Quite a remarkable turnaround given the chaotic last days of Emery.

We are the only team in the major European leagues to be unbeaten so far this year.  That achievement was 'earned' last week as Liverpool lost in the Champions League.  Small consolation given we are still 9th in the league as of today (24 Feb) but in another remarkable statistic (for us anyway), we have 3 wins in a week!  Heady days as we finally learn how to turn draws into wins. Yesterday's win against Everton possibly being the first evidence of this new phenomenon.  Conceding an early goal, but coming back to win 3-2 whereas we would probably have drawn or lost this under Emery.

How does this happen?  How do we take the same group that underperformed so badly before, and turn them into a winning team?  Not that we are the finished article by any means of course but it is remarkable, and a stunning rebuke to those who doubted Arteta simply for no other reason than his lack of managerial experience.

What does experience do?  In Emery's case, it became an albatross.  He would not, or could not, change his ways.  The constant tinkering, but in a strange way, a bias towards certain players that played whether on form or not.  And contrast this with how he froze out some who did not agree with him.  So he turned out to be a real enigma, not one thing or the other.  Was he this master tactician, who would be able to seemingly find a solution to any opponent, focusing on negating their strengths?  Well his reputation seemed to suggest this was so - surely four Europa League titles was no accident - the results this season said otherwise.  Some suggested he was a disciplinarian, and dropping Ozil was evidence of that (?).  But disciplinarians are typically authoritarian figures who won't back off from the limelight, and the way he handled (I use the term very loosely) the Xhaka (and captaincy) situation suggested he was not in control, and worse, that he was out of his depth.

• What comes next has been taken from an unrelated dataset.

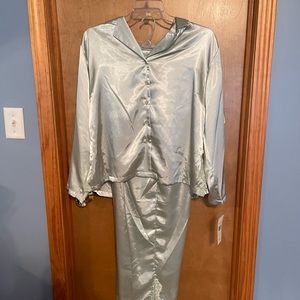 NWT 2pc Women’s Satin Pajamas. Size 2X.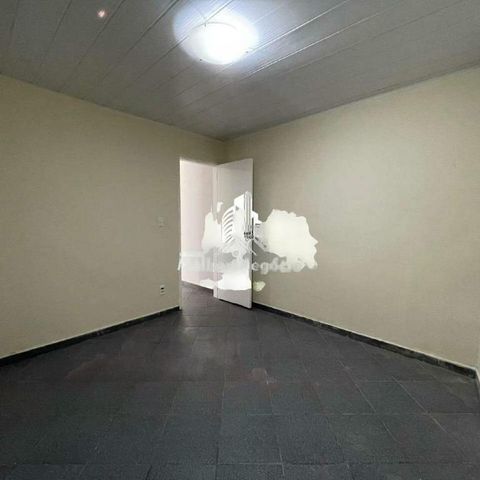 Casa à venda com 107m², 4 quartos e sem vaga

So experience is sort of that "fighting the last war" mentality.  It's great as long as it continues to work (and sometimes even when it doesn't, but you are still sort of succeeding, by accident) but there needs to be a great deal of introspection and honesty if things start heading south.  But the tendency when experience is the dominant perspective, is to double down.  "It will work, just give it time... if I just make some minor adjustments...if our luck turns..."

This is not to undervalue experience, but to know and understand what it is, and what it is not.